Module 7: Understanding and Wrangling Data

This module provides an introduction to the interconnected nature of the data science pipeline. We consider how to ask research questions, pursue research goals, prepare data, and communicate results.

Module 8: Populations, Samples, and Statistics

How do values of a statistic vary from sample to sample? How does that depend on the sampling scheme? These questions will be answered in this module focusing on Populations, Samples, and Statistics.

Module 9: Statistical Inference for Populations

When we only have information from a sample, what can we say about the underying population? We will look at two inferential techniques that allow us to determine a range of reasonable values for an unknown population parameter or decide between two competing theories about our unknown population parameter.

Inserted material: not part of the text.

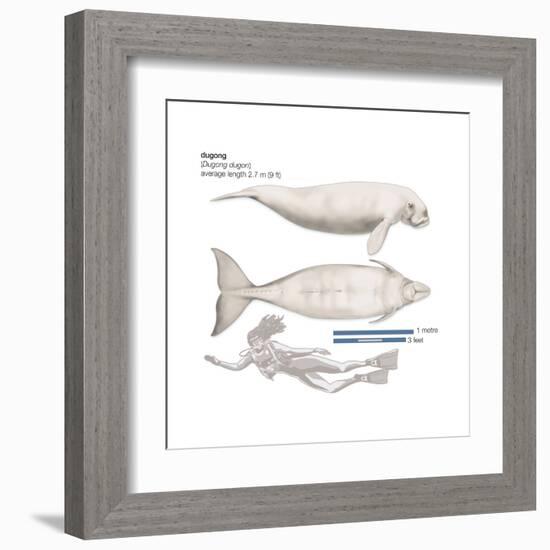 Dugong (Dugong Dugon), Mammals-Encyclopaedia Britannica-Framed Art Print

Module 10: Linear Regression

This module introduces how to predict a quantitative response variable using a linear regression model given a set of provided predictor variables.

Module 11: Logistic Regression and Classification

In this module, we introduce the logistic regression model for predicting a categorical response variable with two distinct values. We discuss how to fit and evaluate a logistic regression model for machine learning purposes and how to use this model as the basis of a classifier.

Module 12: Feature Selection and Cross-Validation Techniques

What does it mean to overfit a predictive model? How does an overfit model impact our ability to pursue machine learning goals? We explore ways of attempting to find the optimal combination of explanatory variables that best meet our machine learning goals for a predictive model.

Module 13: More Machine Learning Methods

This module provides a deeper dive into some selected machine learning methods. This provides additional materials for a motivated student interested in deepening their awareness of machine learning methods.